▶ **WHAT IS EXPECTED**:
Reproduce what is written in the records below exactly, and leave out the images.

(Excerpts from a dataset)
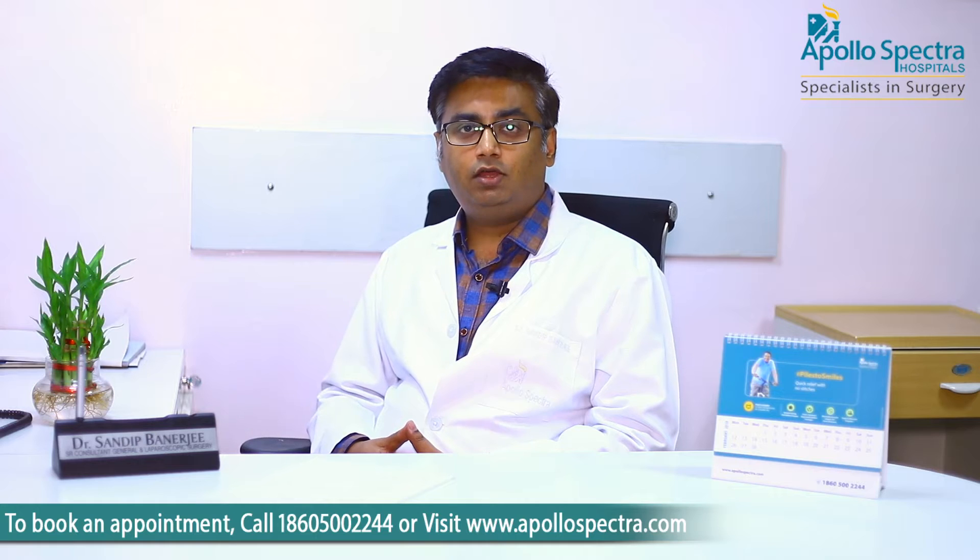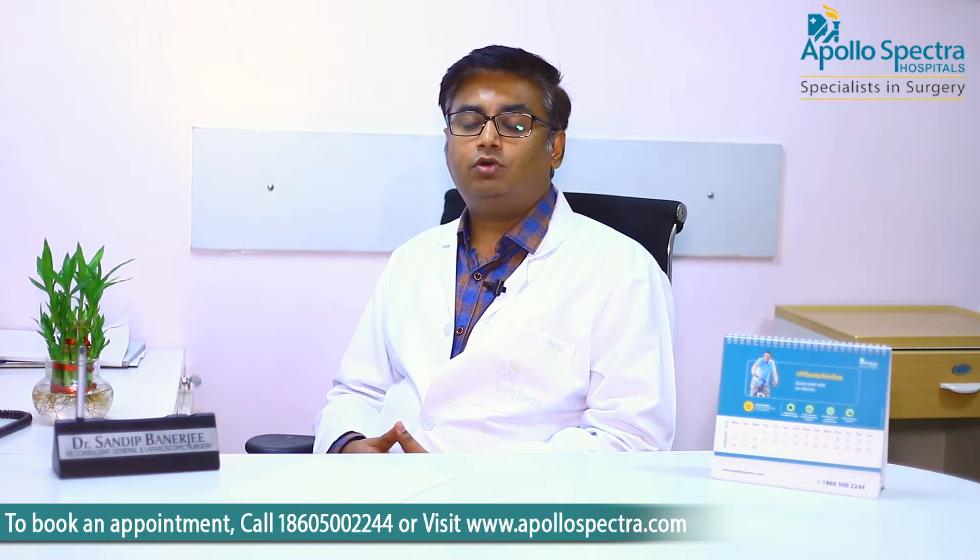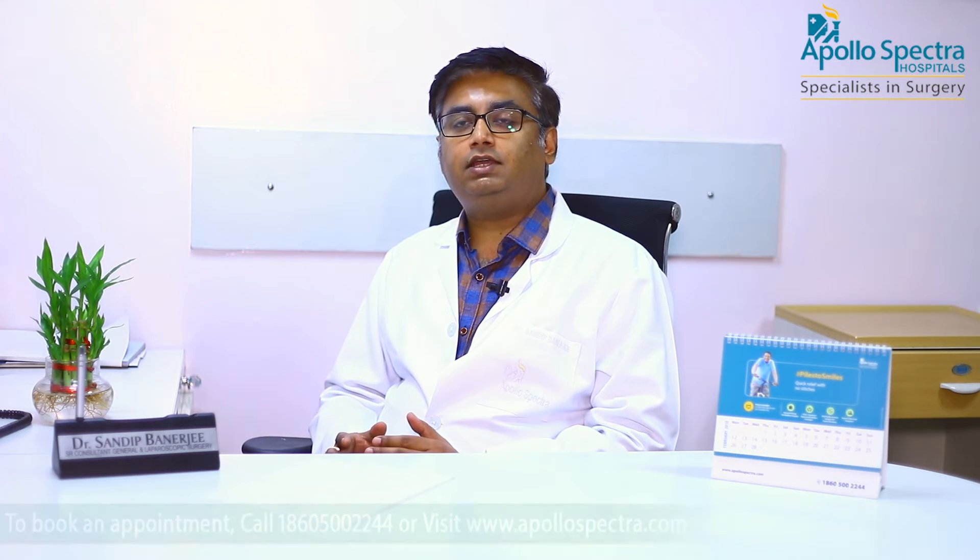Abdominal hernia में open surgery का तरीका अब पुराना हो गया है और हम नहीं करते। Laparoscopic surgery के benefit हैं कि patient की recovery बहुत fast होती है, pain बहुत कम होता है, और repair permanent होती है। बस एक बात — जब repair होती है, तो 2-3 months तक कुछ सावधानियाँ रखनी होती हैं।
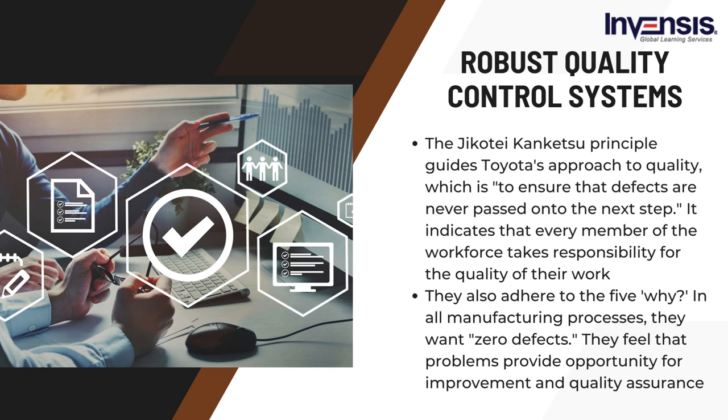Toyota also adheres to the 5 Whys methodology. In all manufacturing processes, they aim for zero defects. They feel that problems provide opportunity for improvement and quality assurance. When anything goes wrong, it is crucial to identify the underlying reason so that it may be corrected and avoided from occurring again. Therefore, they ask why five times in every matter.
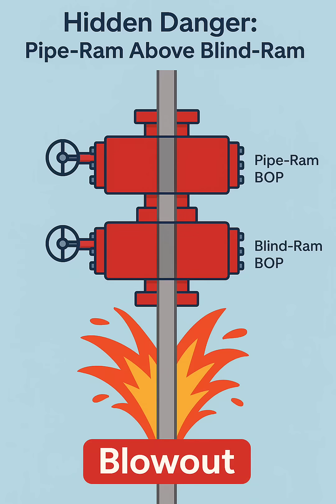Today we talk about a hidden danger in blowout preventer stack design. If the pipe ram is installed above the blind ram, a serious risk exists. Here's why.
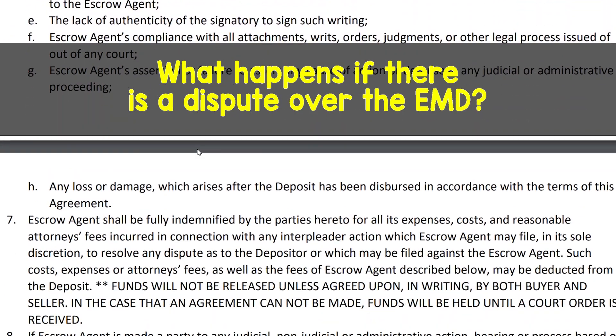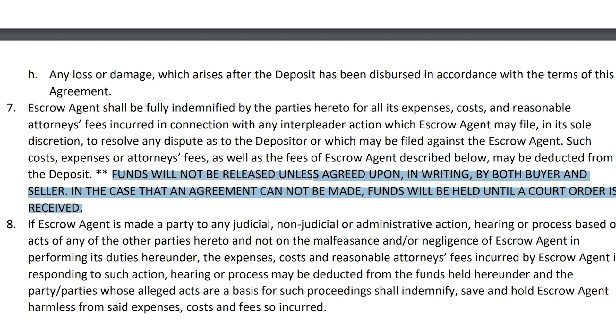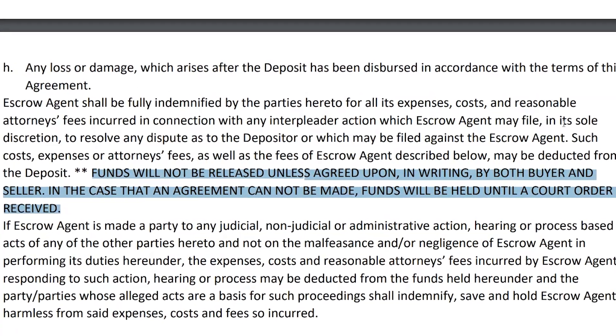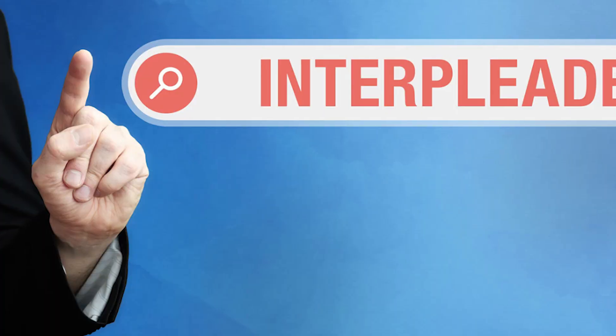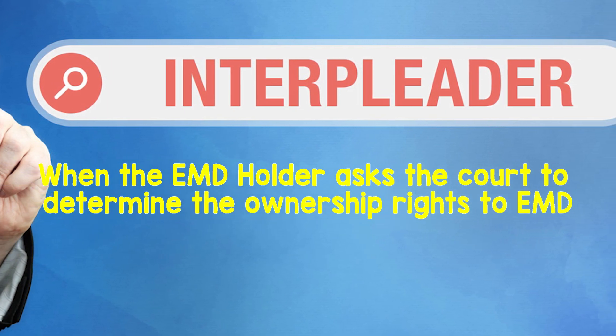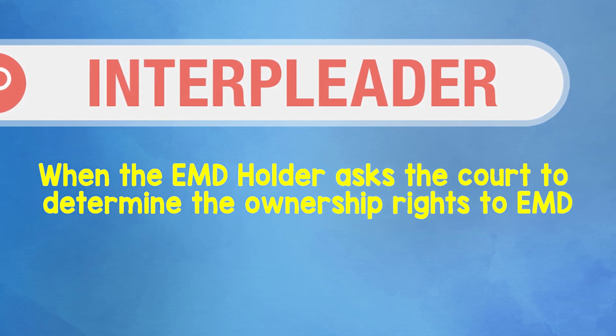What happens if there is a dispute and the buyer and seller cannot agree on who should get the EMD? Funds will not be released unless agreed upon in writing by both buyer and seller. In the case that an agreement cannot be made, funds will be held until a court order is received. It is called an interpleader action, and that is when the EMD holder asks the court to determine the ownership rights of multiple claimants to the same EMD.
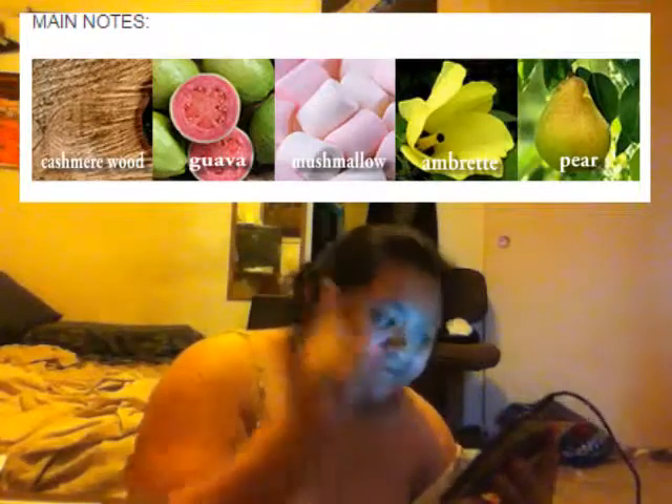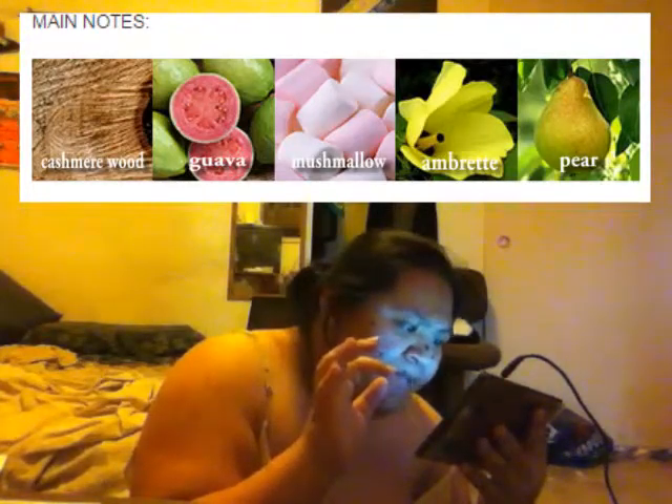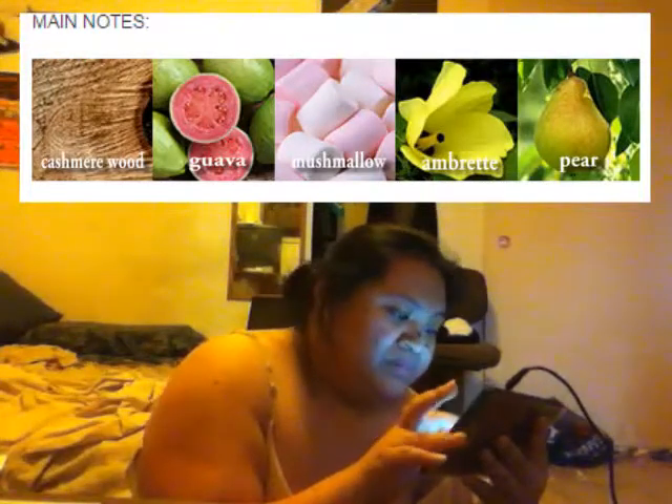It's definitely sweet and girly. The main notes in this are cashmere wood and guava. That is all for my Scentbird subscription.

▶ **PROBLEM SOLUTION**:
Abdominal hernia में open surgery का तरीका अब पुराना हो गया है और हम नहीं करते। Laparoscopic surgery के benefit हैं कि patient की recovery बहुत fast होती है, pain बहुत कम होता है, और repair permanent होती है। बस एक बात — जब repair होती है, तो 2-3 months तक कुछ सावधानियाँ रखनी होती हैं।
Toyota also adheres to the 5 Whys methodology. In all manufacturing processes, they aim for zero defects. They feel that problems provide opportunity for improvement and quality assurance. When anything goes wrong, it is crucial to identify the underlying reason so that it may be corrected and avoided from occurring again. Therefore, they ask why five times in every matter.
Today we talk about a hidden danger in blowout preventer stack design. If the pipe ram is installed above the blind ram, a serious risk exists. Here's why.
What happens if there is a dispute and the buyer and seller cannot agree on who should get the EMD? Funds will not be released unless agreed upon in writing by both buyer and seller. In the case that an agreement cannot be made, funds will be held until a court order is received. It is called an interpleader action, and that is when the EMD holder asks the court to determine the ownership rights of multiple claimants to the same EMD.
It's definitely sweet and girly. The main notes in this are cashmere wood and guava. That is all for my Scentbird subscription.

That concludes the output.